* _Task details_: Reproduce only the lines that run from the line containing "abstract blur airport" to the end of the entries below, exactly as they stand.

───── Data

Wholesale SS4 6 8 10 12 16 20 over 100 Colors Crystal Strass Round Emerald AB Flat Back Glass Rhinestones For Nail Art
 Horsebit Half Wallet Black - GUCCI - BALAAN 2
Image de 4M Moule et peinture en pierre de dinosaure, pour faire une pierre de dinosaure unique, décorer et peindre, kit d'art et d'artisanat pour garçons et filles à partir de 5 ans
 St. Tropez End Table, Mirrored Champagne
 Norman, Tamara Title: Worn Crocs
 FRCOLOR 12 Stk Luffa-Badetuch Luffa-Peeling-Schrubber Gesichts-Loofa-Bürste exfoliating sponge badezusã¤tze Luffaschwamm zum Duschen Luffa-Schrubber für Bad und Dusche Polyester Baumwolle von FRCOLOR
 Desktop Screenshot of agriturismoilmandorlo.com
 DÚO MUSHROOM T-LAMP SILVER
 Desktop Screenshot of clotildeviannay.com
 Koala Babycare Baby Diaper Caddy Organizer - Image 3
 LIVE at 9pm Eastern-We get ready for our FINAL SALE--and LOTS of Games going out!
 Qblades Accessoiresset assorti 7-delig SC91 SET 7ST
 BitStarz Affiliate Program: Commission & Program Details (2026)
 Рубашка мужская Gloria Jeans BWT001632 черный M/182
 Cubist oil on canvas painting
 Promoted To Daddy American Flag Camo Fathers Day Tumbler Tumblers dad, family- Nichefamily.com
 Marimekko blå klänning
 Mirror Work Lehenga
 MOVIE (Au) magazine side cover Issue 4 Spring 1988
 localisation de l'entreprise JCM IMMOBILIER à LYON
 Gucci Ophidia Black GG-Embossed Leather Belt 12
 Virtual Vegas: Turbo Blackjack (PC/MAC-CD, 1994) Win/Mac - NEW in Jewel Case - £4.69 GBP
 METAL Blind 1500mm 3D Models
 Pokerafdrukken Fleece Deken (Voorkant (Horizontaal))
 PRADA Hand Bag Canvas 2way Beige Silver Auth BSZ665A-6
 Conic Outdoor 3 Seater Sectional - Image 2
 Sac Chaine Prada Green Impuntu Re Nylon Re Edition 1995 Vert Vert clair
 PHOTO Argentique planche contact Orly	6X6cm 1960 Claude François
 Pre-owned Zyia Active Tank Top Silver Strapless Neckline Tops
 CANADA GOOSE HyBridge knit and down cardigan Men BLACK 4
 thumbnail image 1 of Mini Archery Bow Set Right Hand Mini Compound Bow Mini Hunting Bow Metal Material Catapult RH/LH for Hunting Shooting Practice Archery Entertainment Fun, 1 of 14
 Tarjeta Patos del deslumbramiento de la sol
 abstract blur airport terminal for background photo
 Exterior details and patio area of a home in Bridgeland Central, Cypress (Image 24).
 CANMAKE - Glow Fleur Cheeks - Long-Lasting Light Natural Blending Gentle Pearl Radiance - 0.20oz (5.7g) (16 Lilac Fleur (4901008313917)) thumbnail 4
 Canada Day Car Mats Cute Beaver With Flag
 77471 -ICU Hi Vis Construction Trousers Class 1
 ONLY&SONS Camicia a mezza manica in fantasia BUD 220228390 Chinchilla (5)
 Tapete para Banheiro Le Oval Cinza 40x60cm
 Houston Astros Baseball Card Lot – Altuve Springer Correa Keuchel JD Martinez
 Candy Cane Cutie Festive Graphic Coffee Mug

──────────

* _Answer section_:
 abstract blur airport terminal for background photo
 Exterior details and patio area of a home in Bridgeland Central, Cypress (Image 24).
 CANMAKE - Glow Fleur Cheeks - Long-Lasting Light Natural Blending Gentle Pearl Radiance - 0.20oz (5.7g) (16 Lilac Fleur (4901008313917)) thumbnail 4
 Canada Day Car Mats Cute Beaver With Flag
 77471 -ICU Hi Vis Construction Trousers Class 1
 ONLY&SONS Camicia a mezza manica in fantasia BUD 220228390 Chinchilla (5)
 Tapete para Banheiro Le Oval Cinza 40x60cm
 Houston Astros Baseball Card Lot – Altuve Springer Correa Keuchel JD Martinez
 Candy Cane Cutie Festive Graphic Coffee Mug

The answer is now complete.